イケメン兄の甘い毒にやられてます

ベッドの傍らに腰かけた圭吾は、強張る夕陽を自分の方に引き寄せ、ひしと抱きしめた。

「…圭吾、さん?」

怒られるのを覚悟した夕陽だったのに、抱き締められて、驚く。

「…怒りたいけど、怒れない」
「…」

黙りこむ夕陽。

圭吾は体を少し離し、おでことおでこをくっつける。

夕陽は困惑しつつ、上目遣いに圭吾を見た。

「…まだ熱あるね」
「…昨晩よりは下がりましたよ」

「…夕陽」
「…?」

「…傍にいてやれなくてゴメンな?」
「…お仕事だったんですから、仕方ないですよ」

「…相良がいてくれて良かったのに、嬉しくない」
「…ぇっと、それは」

目線を泳がす夕陽。

「…夕陽のせいじゃないのはわかってるから、夕陽に怒ってなんかない」

「…でも、怒ってますよ。
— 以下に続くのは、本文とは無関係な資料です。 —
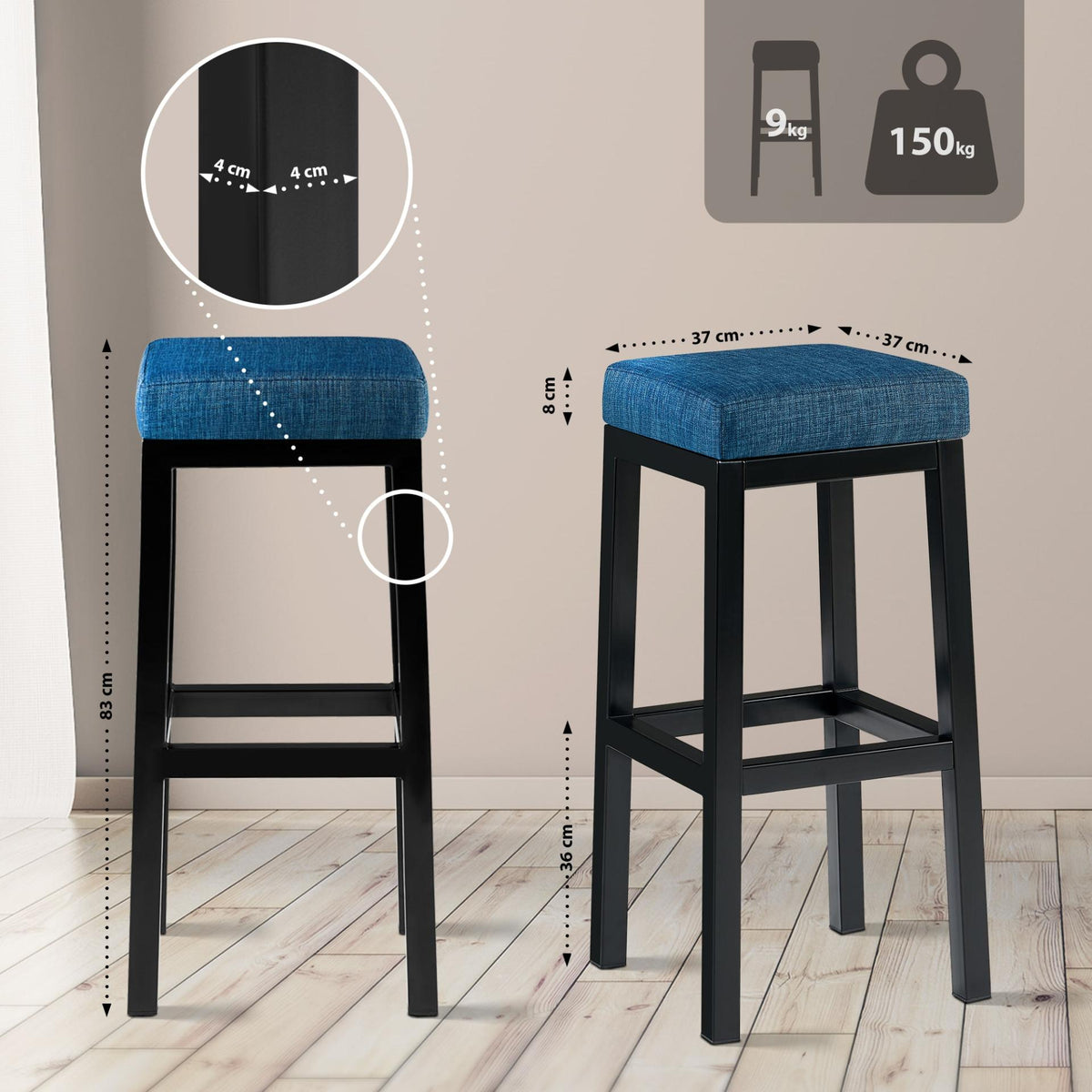 Barhocker Taylor B85 Stoff blau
顔が」
「…怒ってるとすれば、自分にかな」

「…」
「…今度からは、仕事より、夕陽をとる」

圭吾の言葉に、目を見開く夕陽。

「…これは言い過ぎだけど、それくらい夕陽が大事だから、それだけはわかって?」

気恥ずかしそうに笑って、夕陽は小さく頷いた。

気になることは、沢山ある。

けれど夕陽は今この幸せな時間をただ、噛み締めていたいと圭吾に、自ら抱きついて、しばらく離れなかった。

甘えてくれる夕陽がかわいくて、圭吾も夕陽を離すことはなかった。